Backed by university systems
“The professional space in Australia relies heavily on the university system. That’s certainly what an American footprint looks like, and that’s how professionals are created. You have very strong academic environments that teach the profession in Australia. You’d find that, as well, in the United States.
“I think both the professions are about the same. Yes, an Australian CPA is much more likely to go into Europe; a European CPA is much more likely to go to Australia, than a US CPA to Australia.
“But now, there is an exception to that.

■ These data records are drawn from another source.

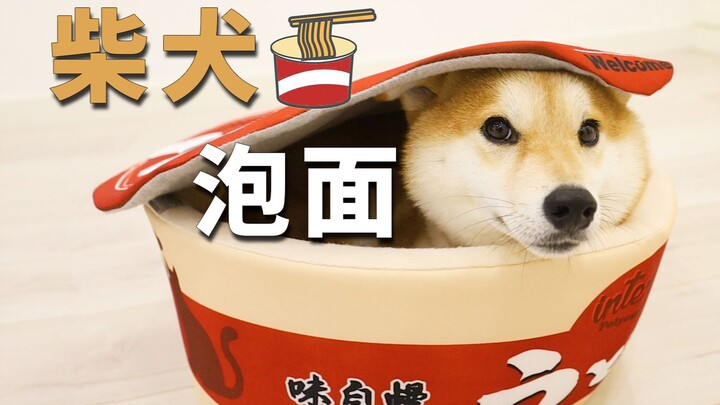 ชิบะอินุกับบะหมี่สำเร็จรูป วิดีโอไดอารี่ของเจ้าชิบะโคฮารุ ตอนที่ 2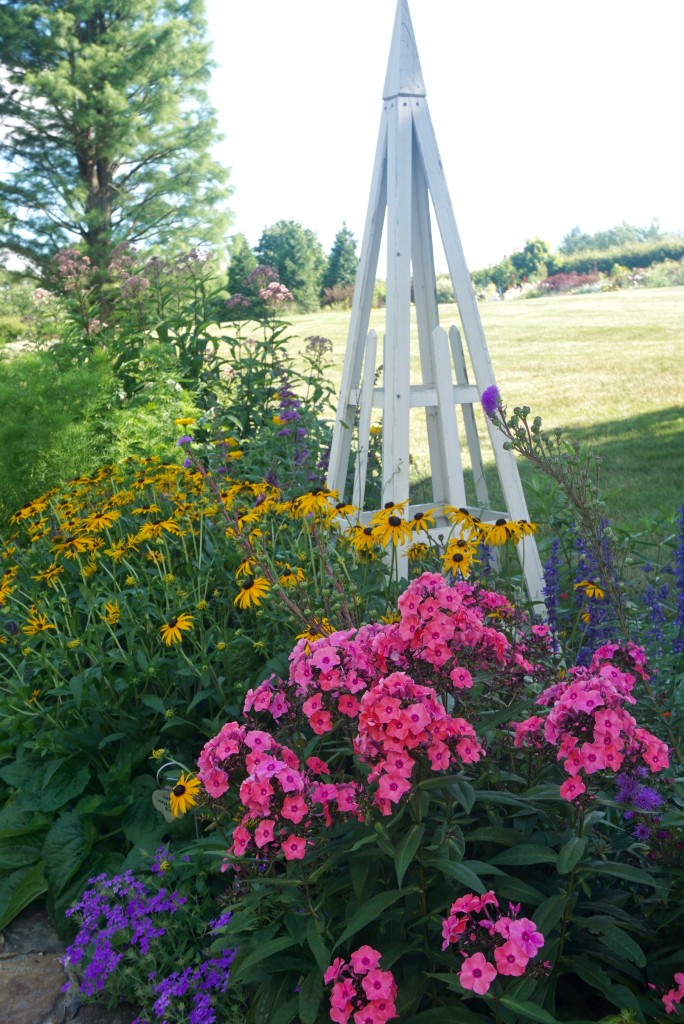 Phlox paniculata Candy Store® 'Coral Creme Drop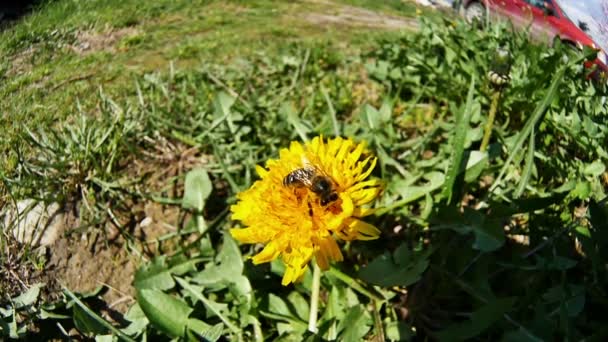 노란 꽃에 꿀벌 — 비디오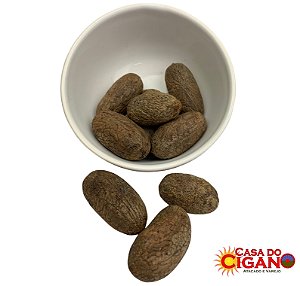 Fava – Escroto de Exu – Fertilidade – Unidade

Because of the mining industries – oil, gas and things of that nature – on the west coast of Australia, there is more of a nexus to the United States.”
Similar or not, the doors will soon be open for our finance professionals to hone their craft in the US, and that can only be a good thing for Australian CPAs.
Barry Melancon: view from the top
Barry Melancon’s rise to the top of the world’s biggest accounting organisation reads a little like a John Grisham novel.
Made partner of a Louisiana CPA firm at just 25, Melancon was promoted to president of the state’s accountancy body at a fresh-faced 29. Finally, at 37, Melancon rose to president and chief executive of the AICPA in 1995, a position he’s held ever since.
As the head of the 650,000-member Association of International Certified Professional Accountants, which combines the strengths of the AICPA and the Chartered Institute of Management Accountants, Melancon sees it as his job to wrestle with changing technology and shape it into a strength for the entire profession, big or small, rather than a weakness.
Eligibility requirements
CPA Australia members must meet certain requirements to be eligible for the abbreviated qualification pathway that the recognition agreement provides:
- You have a bachelor’s degree or higher, conferred by an institution deemed acceptable by the US state board where you wish to practise. (Note: some state boards may require you to complete specific coursework or meet additional education criteria.)
- You have completed the CPA Program and hold a CPA designation.
- You are in good standing with CPA Australia.
- You have at least three years’ relevant work experience prior to receiving your CPA Australia designation, and at least two years and eight months of relevant work experience since being admitted as a CPA Australia member. (Note: some state boards may request specific work experience, and the way you verify such experience, for example: by working with the National Association of State Boards of Accountancy’s Experience Verification Service.)
- You meet CPA Australia’s continuing professional development requirements.
Members who acquired their CPA Australia designation through a mutual recognition agreement or reciprocal membership agreement with another professional accounting association are not eligible to follow this abbreviated qualification pathway.